スタイリング=櫻井賢之 撮影=長山一樹(S-14) グルーミング=HORI(BE NATURAL) 文=山下英介
クラフトの精神こそ、現代のラグジュアリー
このデジタル社会のなかで、あえて人の手が産み出したもの=「クラフト」の温もりを発信し続ける、〝ロエベ〟のクリエイティブ ディレクター、ジョナサン・アンダーソン。2013年に現職に就任した彼は、〝ロエベ〟のイメージを大胆に刷新しながらも、その1872年から続く伝統に培われた、クラフツマンシップに敬意を捧げてやまない。「クラフト」というキーワードも、そんな活動の中から自然発生したものだ。2016年には彼の発案により『ロエベ ファンデーション クラフト プライズ』を創設。現代の優れた職人を見出し、パトロナイズしている。
宇宙を生きる遊牧民の、自由なワードローブ
そんな〝ロエベ〟の春夏コレクションは、「宇宙の夢のなかをさすらう遊牧民」のフィルターを通して肉体も精神も旅に出る、というコンセプチュアルなもの。いわば究極のノマドスタイルだ。ワンピースやチュニックといったアイコニックなものから、真っ白なセーラーシャツやオーバーオールにいたるまで、解放的かつ涼やかなワードローブがそろっている。

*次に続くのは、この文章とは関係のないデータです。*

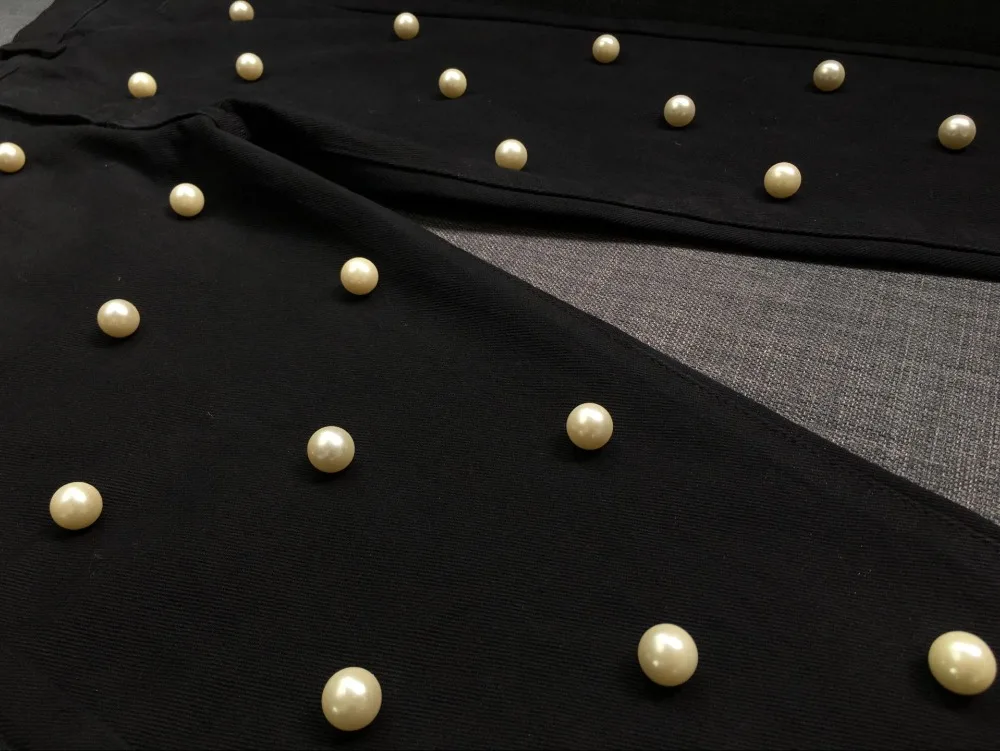 Новые европейские модные женские джинсы, одежда, брюки, свободные широкие джинсы бойфренда, женские с высокой талией, перламутровые джинсы с бусинами, черные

そして、そこに類いまれなラグジュアリー感を添えるのが「クラフト」の力。〝ロエベ〟が誇るカシミアスエードを筆頭に、バングラデシュで織られたヴィンテージテイストのコットン、日本製のデニム……。これらの風合い豊かな天然素材が、ともすればヒッピーテイストに陥りがちな着こなしに、圧倒的な品格をまとわせている。
ニットやバッグに込められた、職人の手の温もり
今回JBpress autographが選んだのは、近年の〝ロエベ〟では定番ともいえる、ロング丈のウールニット。さらに丈の長いインナーを合わせ、アンクル丈のサンダルを取り入れるという、自由でユニセックスな装いだ。今までの固定概念を取り払って袖を通してみると、全身を突き抜ける春の風が、身も心も解放してくれるよう。そして椰子の葉で手編みしたというバスケットバッグは、製品ごとに異なる不ぞろいな網み目がかえって、手仕事の温もりを私たちに伝えてくれる。実際に手で触れて、感じること。この実感こそが現代におけるラグジュアリーだと、〝ロエベ〟は私たちに教えてくれるのだ。